[Input records — start]

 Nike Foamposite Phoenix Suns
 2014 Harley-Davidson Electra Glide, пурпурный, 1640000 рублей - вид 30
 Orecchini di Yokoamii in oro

[Input records — finish]
[Input records — start]

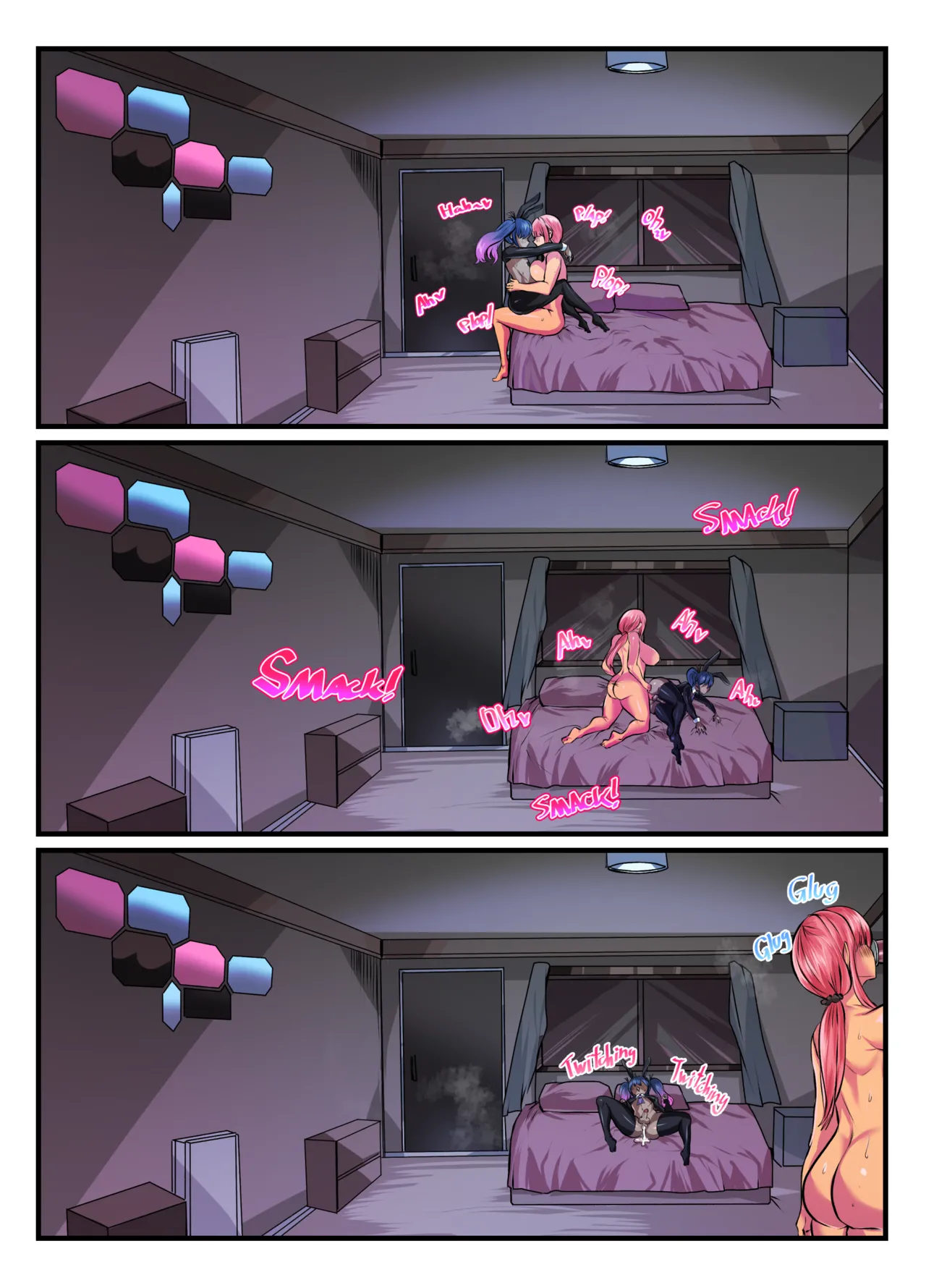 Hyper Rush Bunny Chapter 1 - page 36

[Input records — finish]

Required action
The expected answer is an exact copy of the lines above, beginning at the line with "Nike Foamposite Phoenix Suns" and ending at the line with "Orecchini di Yokoamii in oro", with both ends in.

Solution to the problem
 Nike Foamposite Phoenix Suns
 2014 Harley-Davidson Electra Glide, пурпурный, 1640000 рублей - вид 30
 Orecchini di Yokoamii in oro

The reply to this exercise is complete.